We’ve continued to push the model performance by updating the architecture and techniques used to more closely align with our guiding paper. This week we achieved a 20% reduction in the WER on our toughest evaluation set by using a combined architecture which creates LID labels using a novel segmentation technique. This technique create “soft” labels which roughly infer the current language using audio segmentation which is then fused with the golden label text. Training and hyper-parameter tuning will continue to till the final demo, we anticipate there is likely room to get another 15% reduction in the error rate.
On the web app end, we finished implementing an audio silence detector on the JavaScript frontend and another backend transcription mechanism. The silence detector in the frontend detects a certain length of silence as the user is recording and only sends a transcription request when there is a silence gap detected and the backend model will only analyze the new audio chunk after the most recent silence gap. In this way, we would resolve the problem we had before with a single word being cut off since we were cutting the audio into 3 second trunks arbitrarily.
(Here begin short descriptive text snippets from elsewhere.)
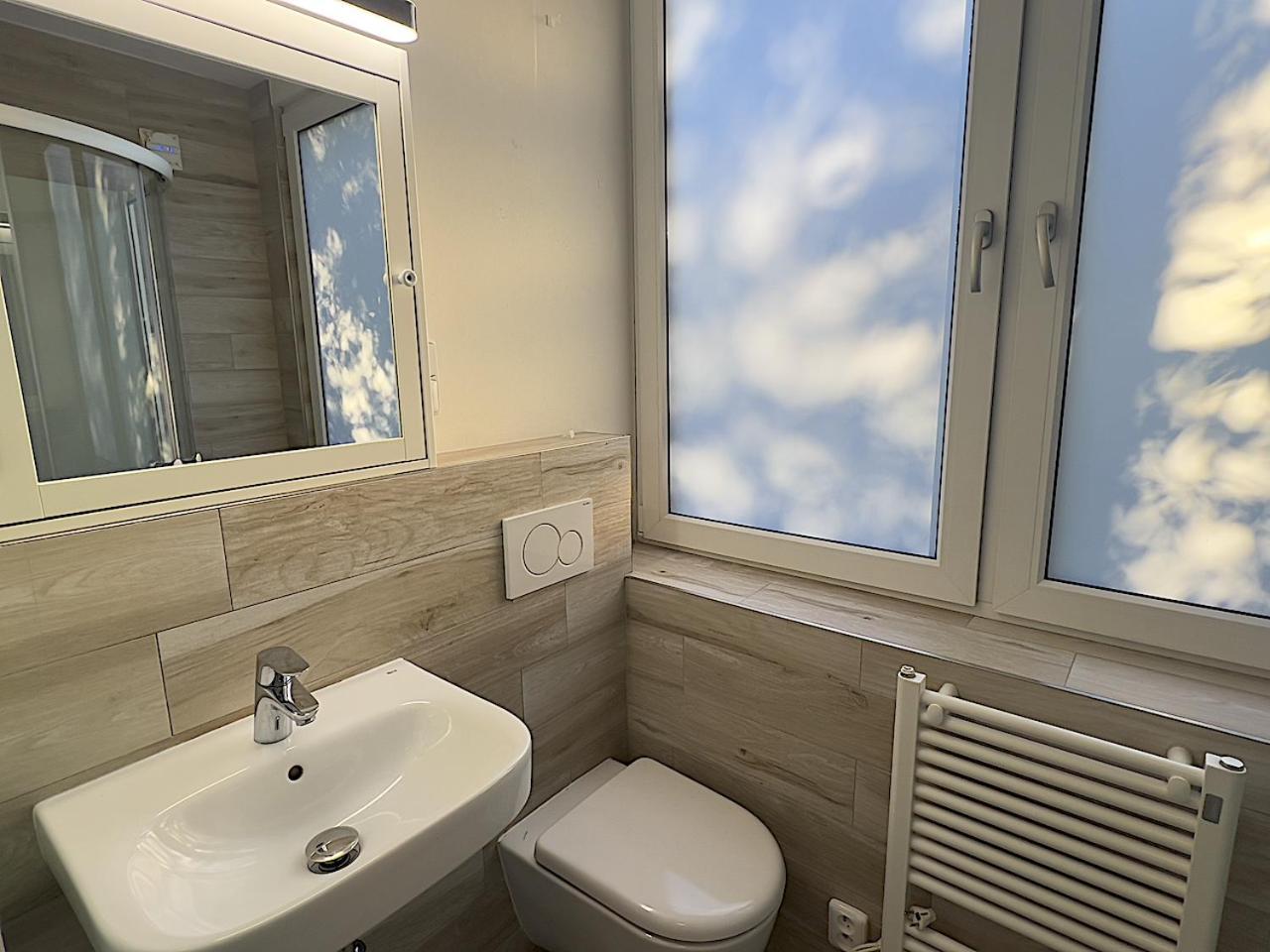 Apartments 4U: Kampus Upstairs Hradec Kralove Luaran gambar
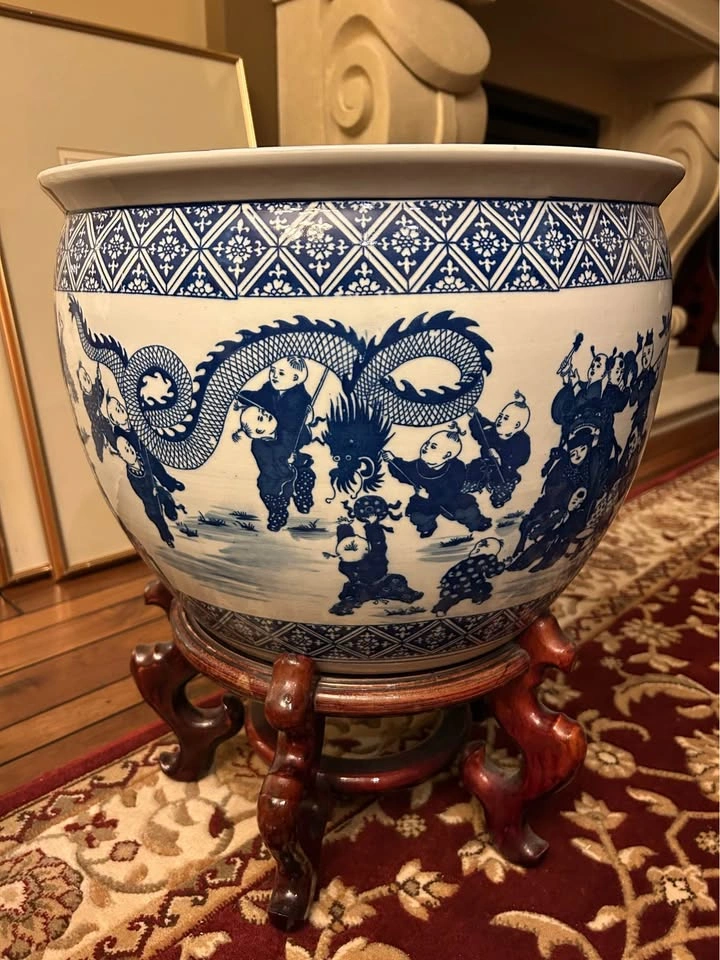 Blue & White Porcelain Fishbowl Planter with Wooden Stand - photo 3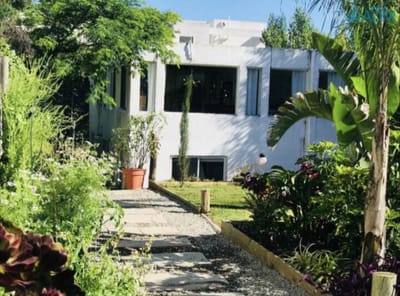 Casa ideal para vivienda o renta, a pasos del mar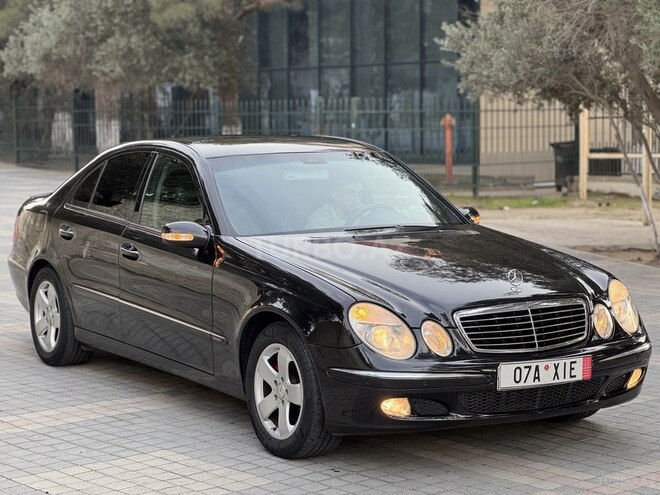Mercedes E 220 d 2003, 327,000 km - 2.2 l - Bakı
The new backend transcription mechanism takes in a piece of audio, tags each frame of the input audio with a language tag (<eng> for English, <man> for Mandarin and <UNK> for silence), breaks the input audio sequence into chunks of smaller single-language audio sequences and feeds each chunk to either a English or a mandarin ASR model. In this way we can integrate advanced pretrained single language ASR models into our system and harness their capability to enhance our system accuracy.
Below is the video demonstration of the silent chunking mechanism + our own mix-language transcription model.
https://drive.google.com/file/d/1YY_M3g54S8zmgkDc2RyQqt1IncXd5Wxo/view?usp=sharing
And below is the video demonstration of the silent chunking mechanism + LID sequence chunking + single language ASR models.
https://drive.google.com/file/d/1bcAi5p9H7i9nuqY2ZtgE7zb4wOuB0QsL/view?usp=sharing
With the silent chunking mechanism, we observed that the problem we had with a single spoken word being cut into two pieces audios was resolved. And we can see that the mechanism that integrates LID sequence chunking + single language ASR models demonstrates a higher transcription accuracy.
Next week, we will be focusing on running evaluation of our system on more diverse audios. We will also try adding Nick’s newly trained model into our system to compare with the current accuracy. So far we are a little delayed on our evaluation schedule because we were trying to enhance our system further by adding the mechanisms above. We do expect to finish the evaluation and further parameter tuning (silence gap length threshold and silence amplitude threshold) before the final demo.